My face burned with shame as I ran out into the parking lot. I turned around one last time. The girl at the register was pretending to stick her finger down her throat, and then pretend vomiting into the money drawer. Life as I knew it was over. I drove home at a reckless speed, running red lights, leaving a path of destruction behind. When I finally made it to the sanctity of my home, I threw myself onto the bed and wept. Then I started reading. It was... meh.

The author, having just bought "The Confession," finds herself filled with self-loathing.
The author, having just read the first fifty pages of "The Confession," is filled with ennui.

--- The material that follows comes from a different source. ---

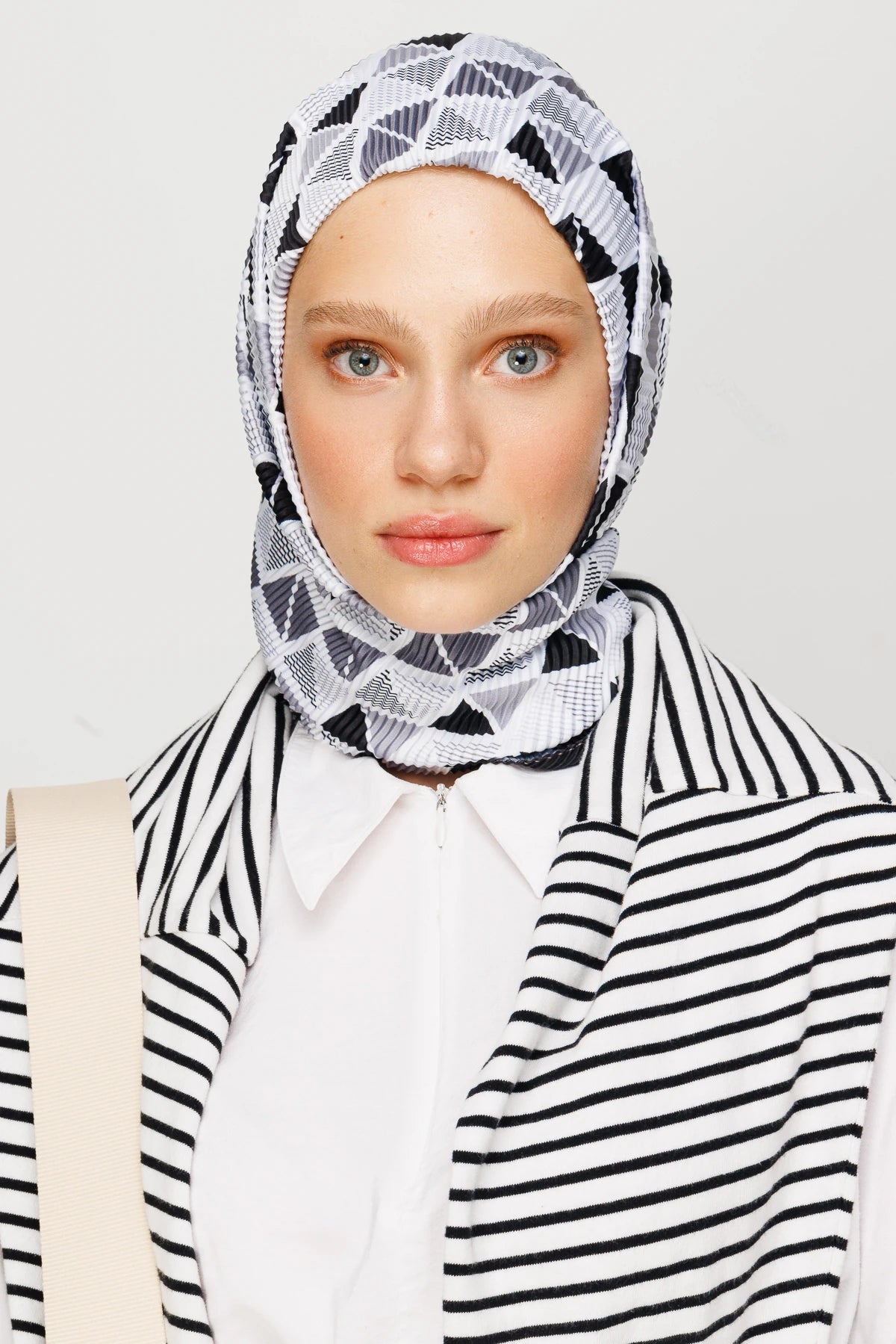 Prism Pattern Pleated Scarf - Black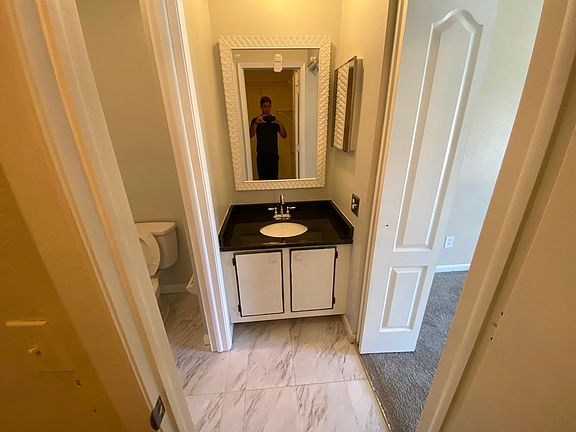 4th image of 1302 Derbyshire Ct APT 202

I don't know much about John Grisham and what I do know I gathered from reading his bio on the dust jacket of his newest book. Apart from writing best-sellers, he's also on the Board of Directors of the Innocence Project in New York and in Mississippi. Maybe not surprisingly, his newest work is a piece of thinly veiled anti-death penalty propaganda. I don't necessarily feel comfortable calling it "propaganda," since I am myself not in favor of the practice of execution, but the piece is so carefully constructed to fulfill Grisham's agenda, I don't know what else to call it. The novel is obviously meant to entertain as well as instruct, but in terms of driving home a point, it ultimately fails. The whole story the author tells is a fiction, carefully constructed to build up the reader's ire, but one would be better off reading something like David R. Dow's "The Autobiography of an Execution," which was also recently published (Dow is thanked in Grisham's acknowledgments, by the way). I've only had time to read about "Autobiography", but I recognized several cases mentioned in regards to Dow's work that have been woven into Grisham's plot. Naturally, reading about the real execution of an innocent man is more distressing than reading a novel about one.

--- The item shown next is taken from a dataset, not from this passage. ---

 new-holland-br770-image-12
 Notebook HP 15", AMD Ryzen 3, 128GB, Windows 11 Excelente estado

Apart from all this, I had some other issues with Grisham's book. In many ways the subject-matter is terribly one-sided. The author obviously feels no friendliness towards Texas and its right-wing government. Nevertheless, the writing is almost confusingly conservative. With the exception of the use of the internet and cell phones, this book could have been written thirty or fifty years ago. The men are White Men: governors, lawyers, cops. They drink bourbon, play tennis, and bark out orders. The women are wives, mothers, and daughters. They cook, answer the phones, and cheer lead.  And then there are the black people. They listen to rap and play football. Somehow the only black voices in a book about a black population are that of Donté Drumm, an innocent man condemned to death, and his mother's. Grisham may write for the black population. He just can't seem to write the black population.

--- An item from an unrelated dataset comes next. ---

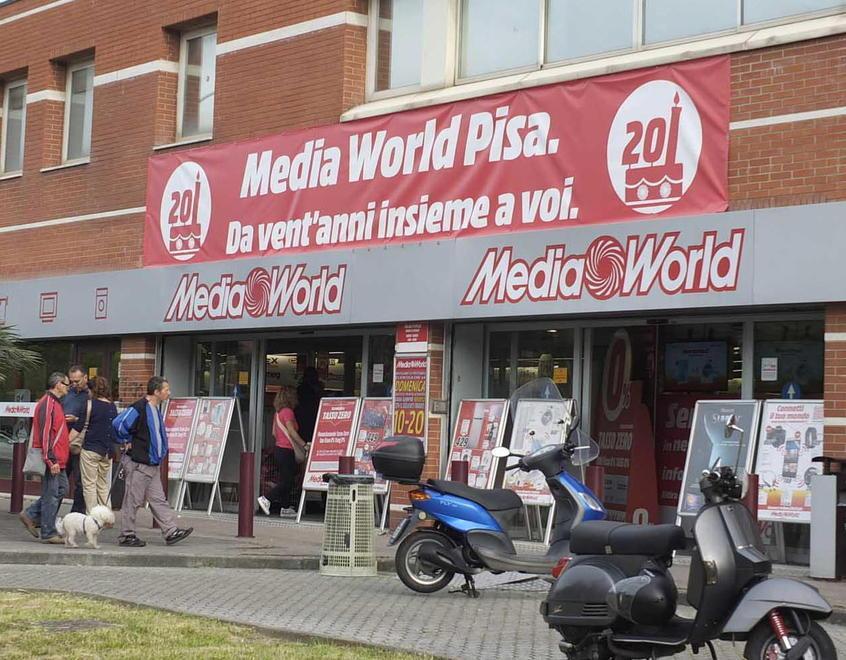 Dieci magazzinieri da MediaWorld per le feste di Natale: ecco dove assume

I guess the real hero of the story is a Lutheran pastor from Kansas named Keith Schroeder who has to drive Travis Boyette, a serial rapist and the killer of Nicole Yarber, to Texas where they will try to exonerate Donté Drumm, who has twenty-four hours until he is to be executed for Yarber's murder. Schroeder is supposed to be a likable person precisely because he is a man of God, but he falls in line with the Reverend Lovejoys of the world : willing to fulfill his duties to a certain extent, and then retreat. Much of the book is him feeling reluctant about helping out, but helping out anyway. Upon first meeting Boyette in his office, Schroeder quickly "tire[s] of the meeting. Boyette showed no interest in God, and since God was Keith's area of expertise, there seemed little for him to do". There seems to be something innately wrong when an interest in God is the only ticket to a pastor's empathy. Anyway, that's Keith for ya. And he's the book's hero.

Still, there are some scenes that Grisham delivers poignantly. The hour leading up to the execution and the scenes involving Drumm's mother and her grief are genuinely moving.

I should reiterate that this is Grisham's twenty-something book and the only one I've read. It's hard to come to a quick conclusion about a writer's oeuvre when I've only read such a small sliver of it. Let's just hope there are better works out there and maybe better ones to come. 

Sunday, November 14, 2010

Next week

I forgot to add: Next week I will be reviewing John Grisham's The Confession.

The Girl with the Dragon Tattoo

LARSSON, STIEG. The Girl with the Dragon Tattoo. New York: Vintage Crime/Black Lizard, 2008. ISBN: 978-0-307-45454-6. Pp. 590. $14.95.

I know, I know. I've already broken my own rules. But baby, rules were made to be broken. Also, Larsson's "Girl with the Dragon Tattoo" is the first of the trilogy, which I think makes it okay to review. Besides, I was planning on reading it someday anyway. And this week I did just that. 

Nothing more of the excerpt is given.